6.6.1.7 Source Term Types

6.6.2 Import Filter

This command allows the user to import filters developed according to the Filter API. Filters cannot be exported or removed from the application, but they can be disabled. A window will pop up with all filters available for import. These filters are found in the METAMSYS/ext directory. See Section 6.11 for more information.

Two simple import filters are provided as examples of custom filtering:

NosNec (for Testing): To exclude "NOS" or "NEC" strings from the output subset
OddEven (for Testing): To exclude odd or even numbered CUIs from the output subset

When an import filter is selected, its option tab appears on the Metathesaurus configuration screen.

6.6.3 New Configuration

Use this command to create a new subset configuration. The License Agreement Notice is displayed (see Section 6.3.1.1.1.) and the configuration process continues as described in Section 6.3 and the following sections.

6.6.4 Open Configuration

Use this command to open a previously saved configuration, which can be run (go to Done, and then Begin Subset) or modified. MetamorphoSys displays the config directory in the MMSYS folder as a starting point from which to locate and select a previously saved configuration.

6.6.5 Save Configuration

Use this command to save the current configuration. MetamorphoSys prompts the user to assign a file name and displays the top level UMLS directory as a starting point for storing the saved configuration file. This allows a user to save a configuration and run it to produce the Metathesaurus subset at a later time. The saved configuration can also be further modified to create new subset configurations.

6.6.6 Exit

Use this command to exit MetamorphoSys. A prompt provides an opportunity for the user to save the configuration before exiting.

6.7 Edit Menu

Two commands, Increase Font and Decrease Font, allow the user to change the text size displayed in MetamorphoSys screens. An additional command, Undo Enable Filter, is available if any filters have been enabled from the File menu.

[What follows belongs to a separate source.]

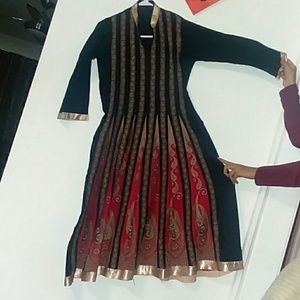 Girls pakistani traditional dress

6.8 Options (for Advanced Users)

Advanced options include MetamorphoSys Options, Advanced Source List Options, and Advanced Suppressibility Options.

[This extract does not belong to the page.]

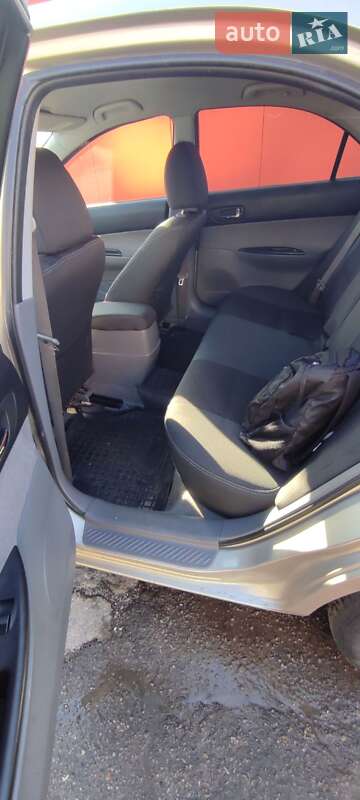 Седан Mazda 6 2003 в Запорожье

6.8.1 MetamorphoSys Options

Opens a configuration window which contains the following user capability:

Auto Select Related Items - If this check-box is selected, there is no prompt when the selected row shares a Source Family or has a Dependent Source. The system automatically selects the Dependent Source rows or the rows with the same Source Family. The default for this flag is false.

6.8.2 Advanced Source List Options

Opens a configuration window which contains the following user capabilities:

6.8.2.1 Enforce Family Selection

If Enforce Family Selection is selected, you will be prompted to select other sources in the same Source Family.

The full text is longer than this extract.